[Python-Dev] Re: Unicode debate

Just van Rossum just@letterror.com
Fri, 28 Apr 2000 18:51:03 +0100


[GvR, on string.encoding ]
>Marc-Andre took this idea a bit further, but I think it's not
>practical given the current implementation: there are too many places
>where the C code would have to be changed in order to propagate the
>string encoding information,

I may miss something, but the encoding attr just travels with the string
object, no? Like I said in my reply to MAL, I think it's undesirable to do
*anything* with the encoding attr if not in combination with a unicode
string.

>and there are too many sources of strings
>with unknown encodings to make it very useful.

That's why the default encoding must be settable as well, as Fredrik suggested.

>Plus, it would slow down 8-bit string ops.

Not if you ignore it most of the time, and just pass it along when
concatenating.

>I have a better idea: rather than carrying around 8-bit strings with
>an encoding, use Unicode literals in your source code.

Explain that to newbies... I guess is that they will want simple 8 bit
strings in their native encoding.
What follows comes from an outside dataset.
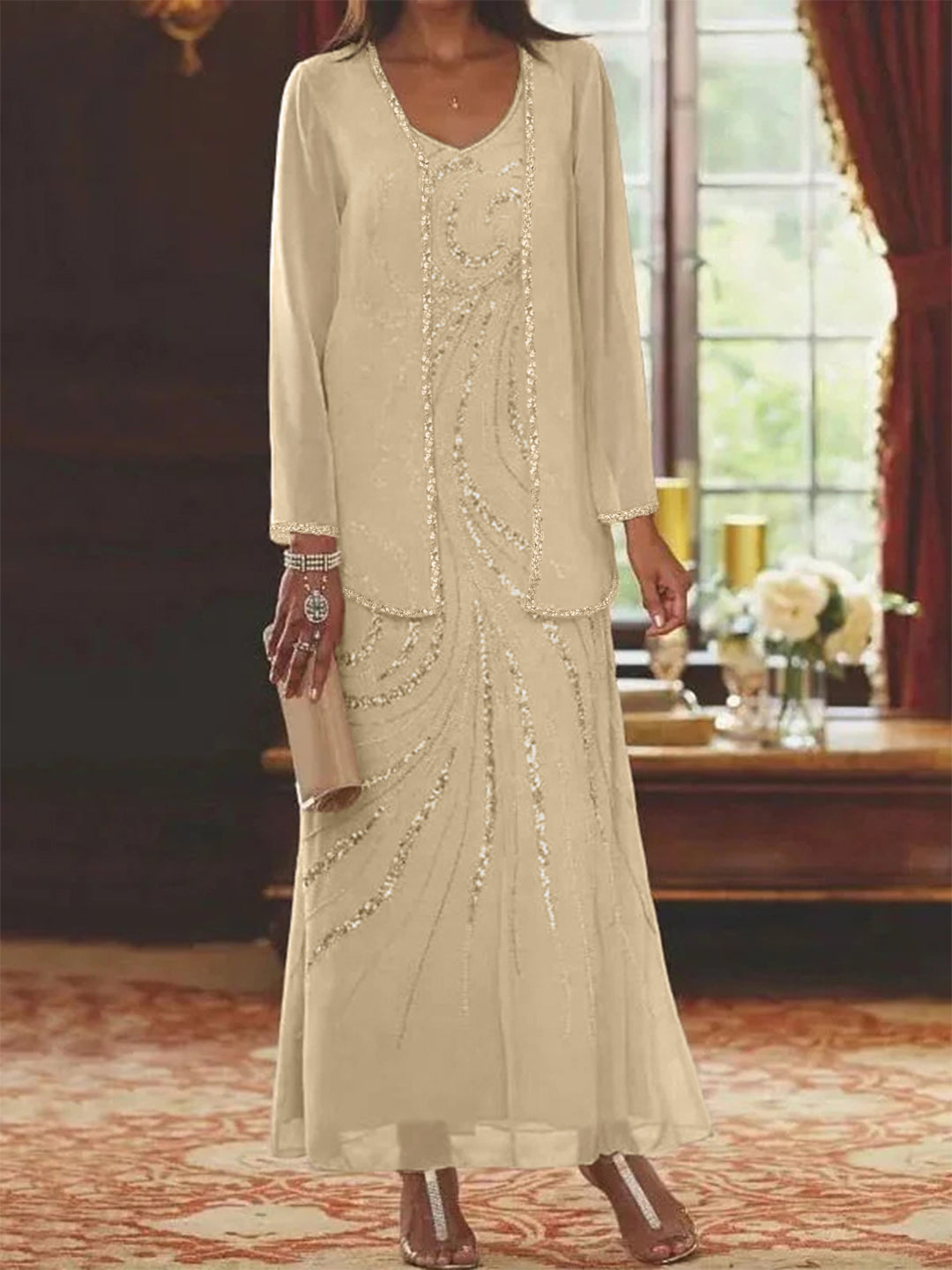 Chiffon Mother of the Bride Dress 3/4 Sleeve Wedding Guest Dress with Beadings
Dunno.

>If the source
>encoding is known, these will be converted using the appropriate
>codec.
>
>If you object to having to write u"..." all the time, we could say
>that "..." is a Unicode literal if it contains any characters with the
>top bit on (of course the source file encoding would be used just like
>for u"...").

Only if "\377" would still yield an 8-bit string, for binary goop...

Just